• _Task item_
Give the lines again exactly as they appear below, from the line with "So what happens" to the line with "Those are the", both included, and only those lines. Leave every picture out.

(Stored items)
____

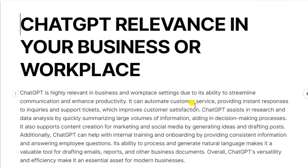Look at what I have put up here — I used ChatGPT for this. You can go to ChatGPT, type 'ChatGPT relevance in business or workplace' and it will give you this. They said ChatGPT is highly relevant in business and workplace settings due to its ability to streamline communication and enhance productivity. There are so many things ChatGPT can assist you with — your research, your assignments, your business posts.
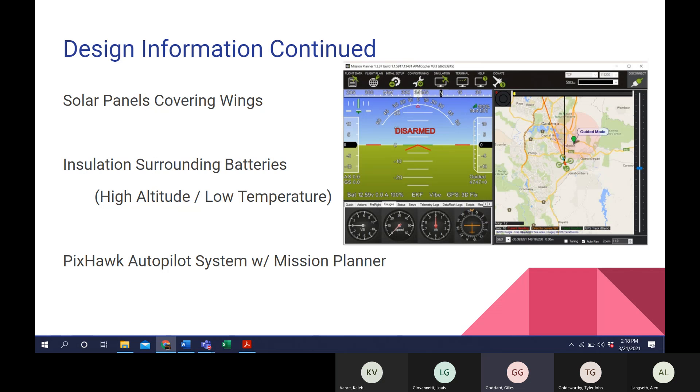For the mission planner, we are going to use mission planner software. This allows us to plan and save autonomous missions for the UAV, and we can upload it directly to the autopilot system, so it works out really good for us.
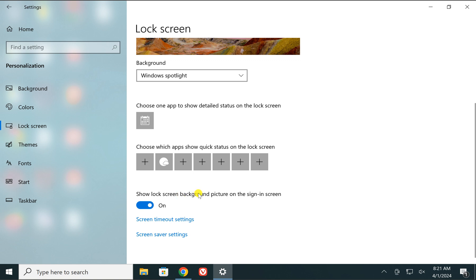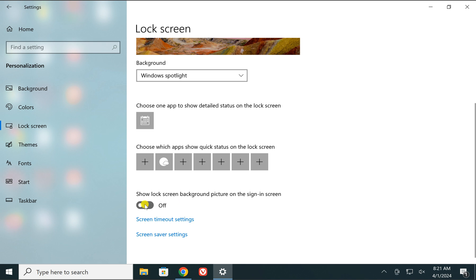Show lock screen background picture on the sign-in screen. In case you turn it off, you will see a solid color background in the sign-in screen. And when you enable this option, you will see a lock screen background image on the sign-in screen that will be blurry.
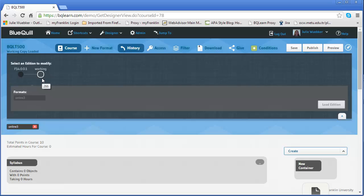So what happens is every single time you publish and you give it a new edition number, you basically have a version that becomes its own entity. And then every time you open the course after that point, you're always working on what's called the working copy. And so the working copy is where you're going to put your changes.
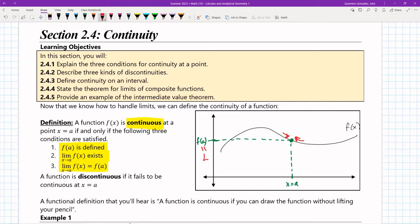Those are the three conditions for continuity at a point x equal a. But that's not always going to be the case when we want to determine if something is continuous. What you'll hear being said over and over is the following statement: a function is continuous if you can draw the function without lifting your pencil. If you can do this with a function, this is a perfectly good working definition for continuity. If you want to prove discontinuity — to prove that something is not continuous — then you're going to have to go back to the definition, the three conditions.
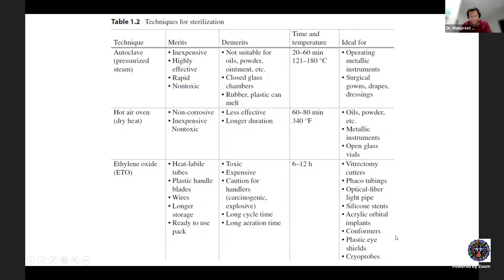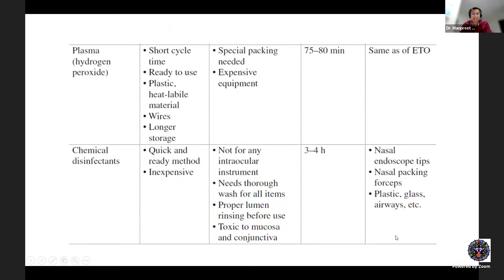Plasma sterilization uses hydrogen peroxide. It has a shorter cycle than ETO, produces ready-to-use packs, is suitable for plastic and heat-labile materials, and offers longer storage of up to six months. It requires special polypropylene or polyolefin packing and a dedicated packing machine. The machine costs approximately 50 to 75 lakhs but can serve a multi-specialty institute.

____

• _Result_
So what happens is every single time you publish and you give it a new edition number, you basically have a version that becomes its own entity. And then every time you open the course after that point, you're always working on what's called the working copy. And so the working copy is where you're going to put your changes.
Those are the three conditions for continuity at a point x equal a. But that's not always going to be the case when we want to determine if something is continuous. What you'll hear being said over and over is the following statement: a function is continuous if you can draw the function without lifting your pencil. If you can do this with a function, this is a perfectly good working definition for continuity. If you want to prove discontinuity — to prove that something is not continuous — then you're going to have to go back to the definition, the three conditions.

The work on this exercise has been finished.